Mientras fundíamos nuestro amor, lo mas inesperado entre tú y yo ocurrió: teniendo una gran fuerza en tus brazos y en tus manos, me apretaste con furia, dejándome incapaz de mover. Te separaste de mí y aquel ambiente cálido se tornó malicioso. Con impresión y terror, te ví abrir la boca y unos sedientos colmillos aparecieron de ella. Sin dudarlo, los clavaste en mi cuello, desgarradoramente. Grité, grité del dolor, en lo que tu succionabas mi sangre. Te empujé, y fue tan profunda la herida que me habías causado, que empezó a sangrar abundantemente. Con más capricho, te lanzaste sobre mi, y estrujándome nuevamente; lamiste la sangre que brotaba de la llaga, y que corría como un río por mi piel. No tardarste en terminar con aquella sangre, y clavaste de nuevo tus colmillos en mí, pero me desvanecí.
Cuando volví en sí, me encontré acostada en el sillón, con tan solo una manta negra encima. Miré a mi alrededor, y no estabas. Me sentía extraña, diferente; como si mi cuerpo hubiera experimentado una metamorfosis. Me puse la manta improvisando una vestimenta. Camine a mi alrededor y me dirigí al espejo para observarme, mas no vi nada. Me aturdí un poco, pero por alguna razón me pareció de lo más normal. Miré el reloj: 5:30 am. Quise pensar que todo había sido un sueño, pero me di cuenta de que no lo fue, cuando noté esas llagas en mi cuello. A pesar de aquello, sabía exactamente que sucedía conmigo; asi que, un raro sentimiento se apoderó de mi y fui en tu búsqueda innatamente. Te hallé; entrabas por la puerta, con la boca llena de ese líquido rojo que tanto te gusta. Asemejabas una fiera que acabab de alimentarse Cuando me viste, quedaste impactado; yo era imponente: dejé caer la manta que me cubría y caminé hasta ti, más segura que nunca. Sucumbiste ante mí, te sentías atado a mi persona; sabías que eras mi siervo. Pretendí besarte, a lo cual no te resististe, pero encontré exquisito tu cuello, y tuve la necesidad de morderlo. Lo hice. Pensaste en falsedad; no era posible que ahora fueras tu víctima mía, no. Habías alterado a un ser humano.¿Acaso tu ambición y tu deseo te transformaron en bestia? Yo te amaba; tu me amabas también. Te devuelvo ahora tu traición con la sed de sangre tuya, sed que tu alguna vez tuviste.

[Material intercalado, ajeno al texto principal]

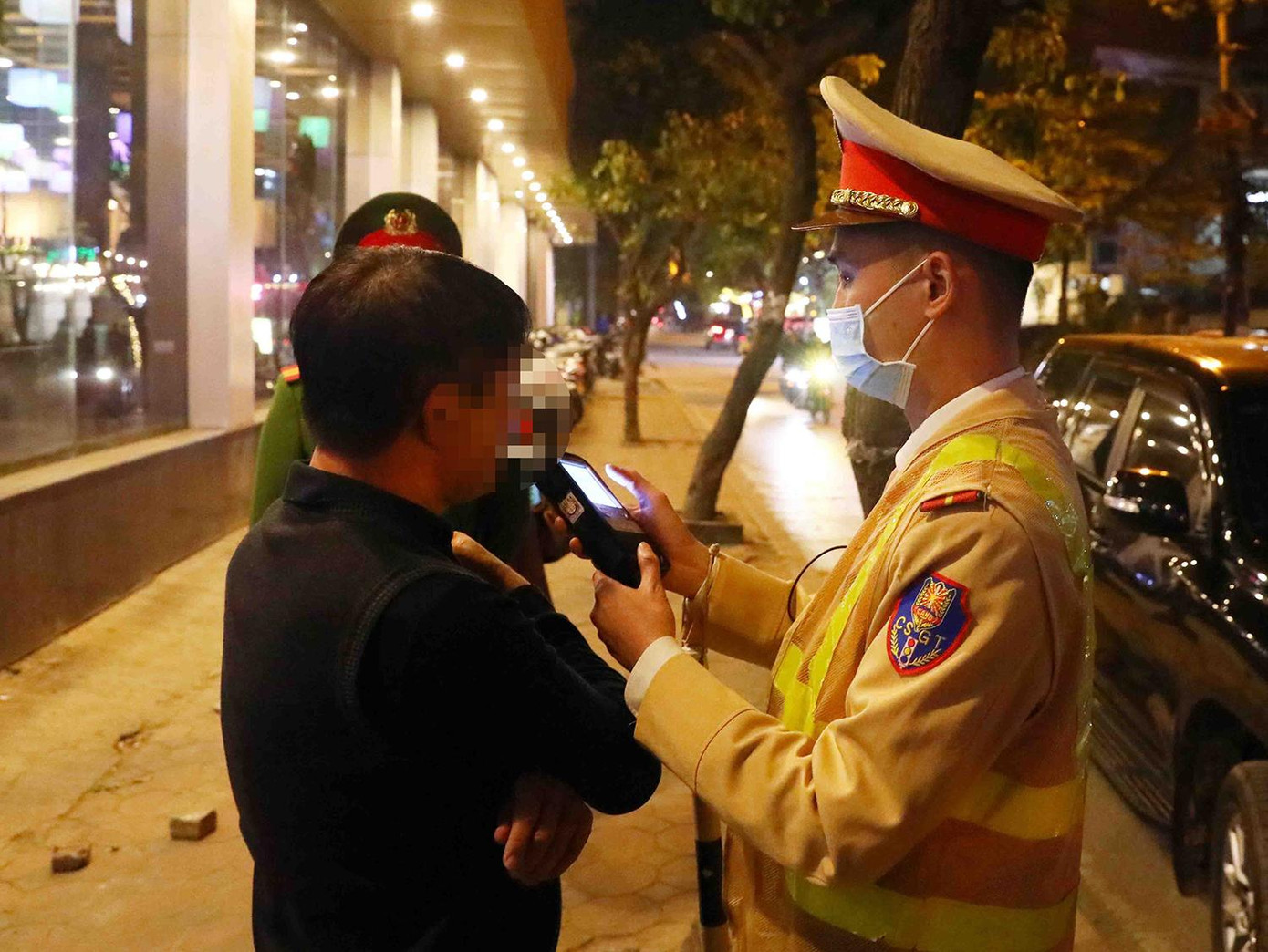 Trong tối 13/12, tổ công tác 141 phát hiện nhiều trường hợp vi phạm nồng độ cồn.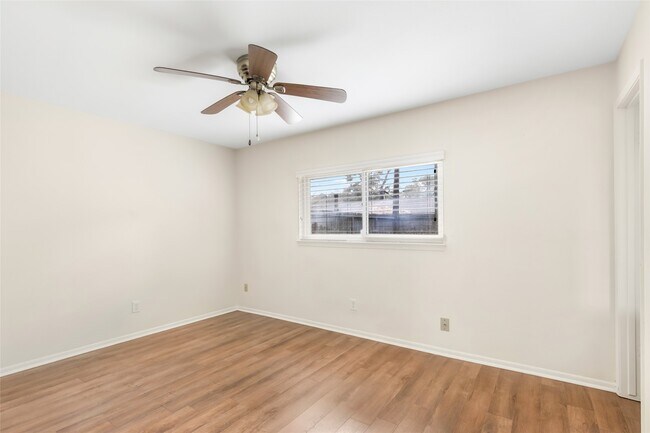 Building Photo - 2722 Foliage Green Dr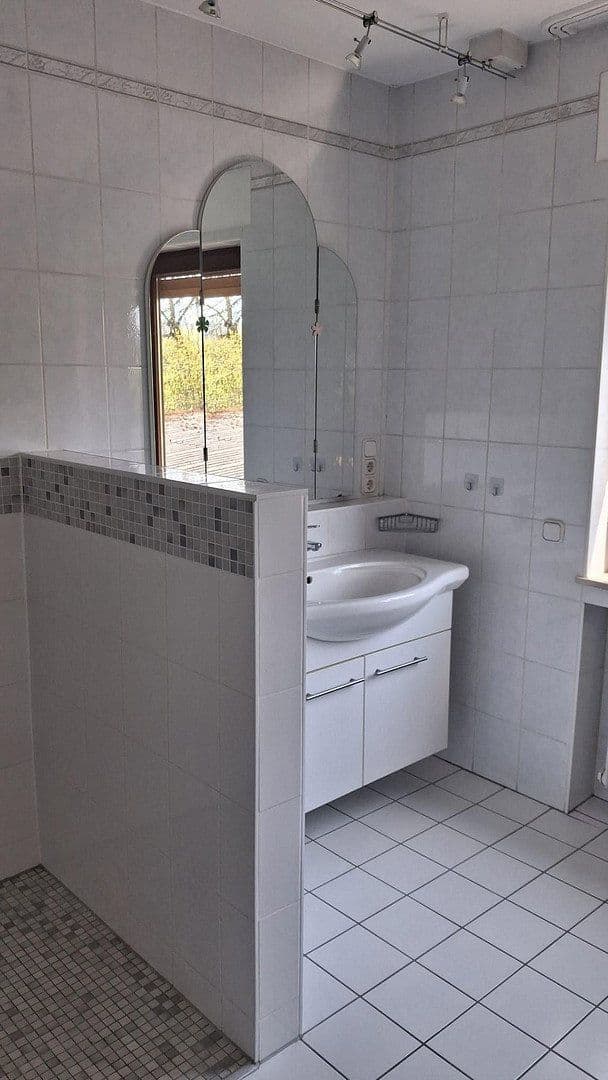 Prenájom bytu 3-izbový 105 m², Goethestraße, Langgöns, Hesensko Prenájom bytu 3-izbový 105 m², Goethestraße, Langgöns, Hesensko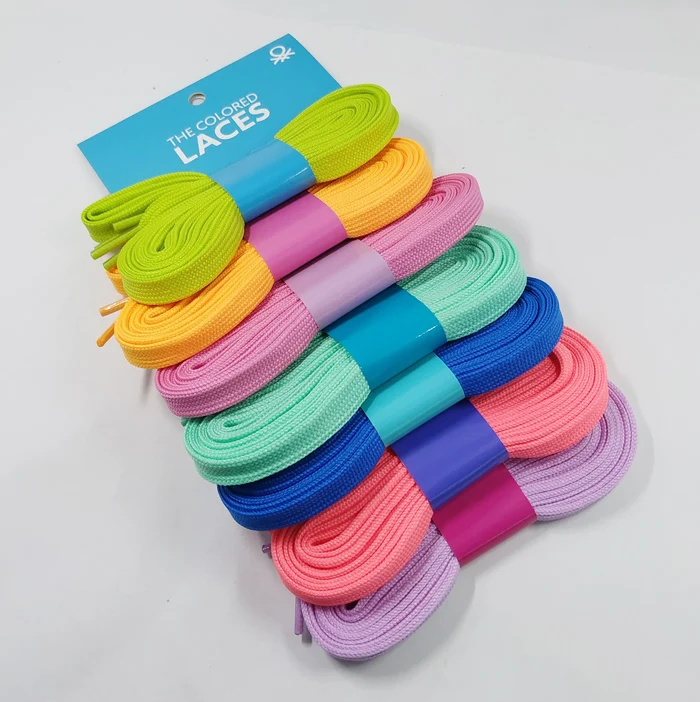 С уникальной упаковкой для изготовленного на заказ пластикового наконечника шнурка из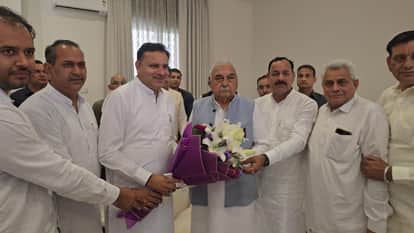 Amidst rumors of a rift and reconciliation, Hooda visits Kuldeep Vats' farmhouse in Jhajjar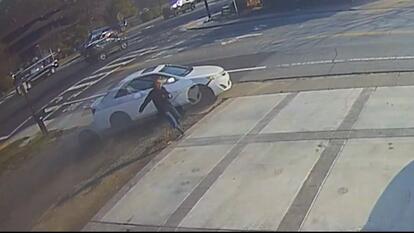Man Narrowly Avoids Being Hit by Out-of-Control Car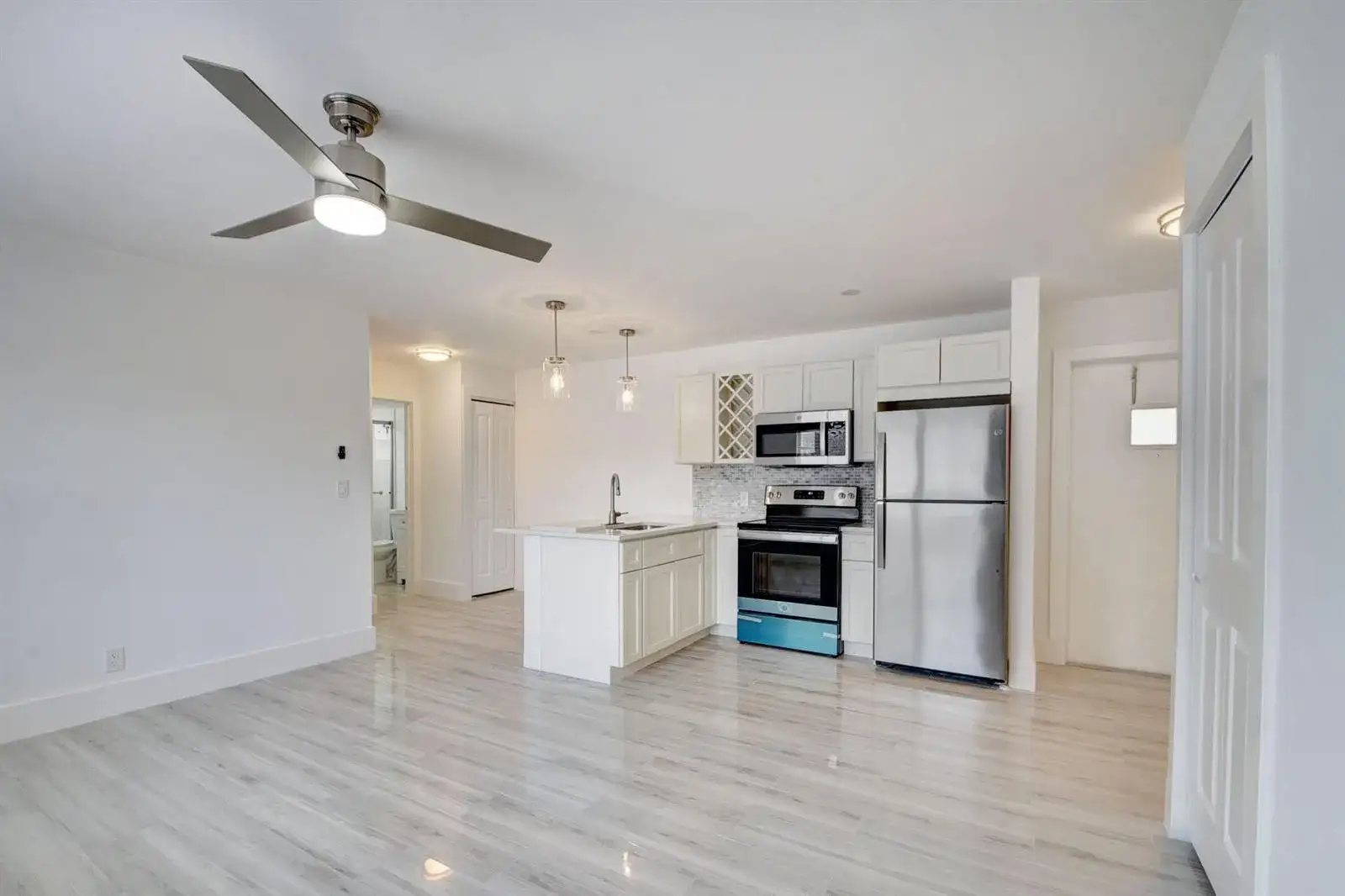 525 S Broadway # J, Lantana FL 33462 photo 3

Pero mi gozo no duró mucho, cuando de coraje atacaste no solo mi cuello, sino tambien mi cintura, mis brazos y finalmente, me diste un verdadero beso. Comenzaba a salir el sol, pero no te dabas cuenta. Chocamos contra la puerta y alcancé a abrirla hasta quedar tendidos en el suelo por la inercia. Pusiste tus labios sobre los míos, y sin piedad mordiste mi boca. Te sentiste triunfante, hombre necio, hasta que los rayos del sol iniciaban a tocar tierra. Seguías bebiendo de mi boca hasta que la luz nos cegó. Intentaste huir pero no lo lograste Dulce risa vengativa me causó el ver que no pudiste escapar de tu destino. La noche se había ido y llevado consigo nuestra vida de no-muertos, y solo quedamos ahí, esperando convertirnos en polvo.